Don’t avoid bringing it to the family and start earlier than you think. She compared Lions vs Elephants in 1st Peter 5:8 in the Bible. Female elephants protect their young by gathering in a circle. We likewise can do this too with our own circles. Women are the Elephants in the room and we can defend virtue in our sphere of influence.
As women we need to be:
1. Be Aware
2. Take a Stand
3. Connect with Others
4. Use eachothers Strengths
Like Elephants we need to stand up and stay put stand strong and immovable. We need to share personal experience with our children about the times we can across pornography and how we felt about it when we saw it. We should prayerfully ask how we can as a family take a stand and I found one given to me by my Stake Presidency in Carlsbad titled Our Clean and Safe Media Pledge.
What media can we do without or delete from our homes? Who’s voice will get to our loved ones first? Our children want us to be tough and to talk with them about these issues and to discuss sex openly so that they don’t depend on porn to teach them.
My SIL, Allie uses this X3 Watch Accountability.

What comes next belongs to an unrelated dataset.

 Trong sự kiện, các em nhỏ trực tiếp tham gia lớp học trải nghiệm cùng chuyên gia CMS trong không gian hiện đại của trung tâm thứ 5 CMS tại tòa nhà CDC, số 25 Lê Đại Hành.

I have read this book time and time again and have come to truly feast on the ideas that they have presented. I actually shared my thoughts on this book with my Chapman sisters while we went on our weekend getaway here. Here is what I got out of it:
The most amazing thing about them is that the Spirit will bring them into our minds. Parents who view their children and themselves as spiritual beings having a mortal experience will increasingly find that, no matter how “worldly” the problem, there is a spiritual solution that can help.

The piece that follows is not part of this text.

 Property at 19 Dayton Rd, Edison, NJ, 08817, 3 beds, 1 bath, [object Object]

There will still be frustrations, still be problems, and still be days when we are completely overwhelmed, but as we remember who our children really are, as we follow God’s own parenting patterns, as we pray as stewards and surrogate parents, and as we fully use the Church, the gospel, the Spirit, and the Priesthood, we can move to a new and higher level in the greatest calling we have, and the one calling that will never end.

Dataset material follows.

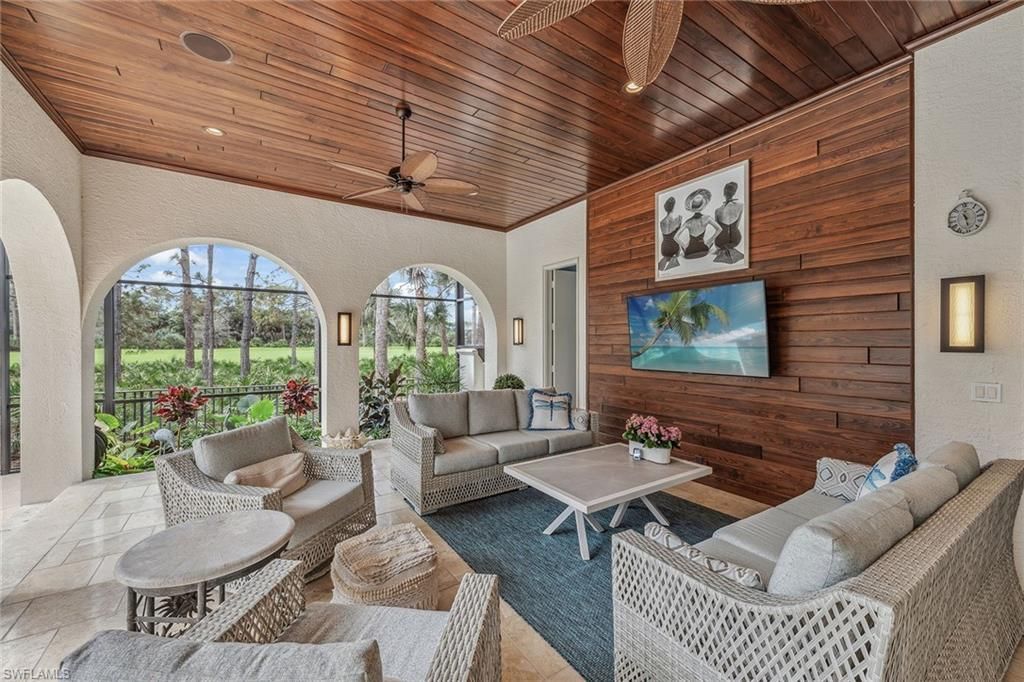 837 Barcarmil Way, Naples, FL 34110 Photo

Perspectives: Worldly Challenges, Spiritual Solutions
Parents all over the world face similar and escalating challenges this age of materialism, entitlement, and amorality. The restored gospel gives us insightful access to spiritual solutions;, if we can only remember them and apply them.
Solution 1: Remember your Children’s True Identity
Apply what we know about where our children came from….and discover their unique eternal personalities. Understand that our children are actually our spiritual siblings, and we should respect them as well as love them.
Knowing our children are our spiritual siblings and have been becoming who they are for the first side of eternity does not mean we cannot help them, teach them, improve them here in “middle earth.” They are who they are. Each is a unique spiritual personality and not just a reflection of who we are or who we want them to be. We can apply this knowledge to issues of self-esteem, peer pressure, bullying, development of talent and potential, sibling rivalry, safety, insecurity, and more. Ideas from this chapter include the following:
* Identifying practical ways to extend and receive spiritual respect
* Apologizing to children
* Learning to know kids individually; accurately recognizing gifts and challenges
* Helping your children know more about their spiritual selves
* Getting rid of guilt and understanding that you are not “starting from scratch”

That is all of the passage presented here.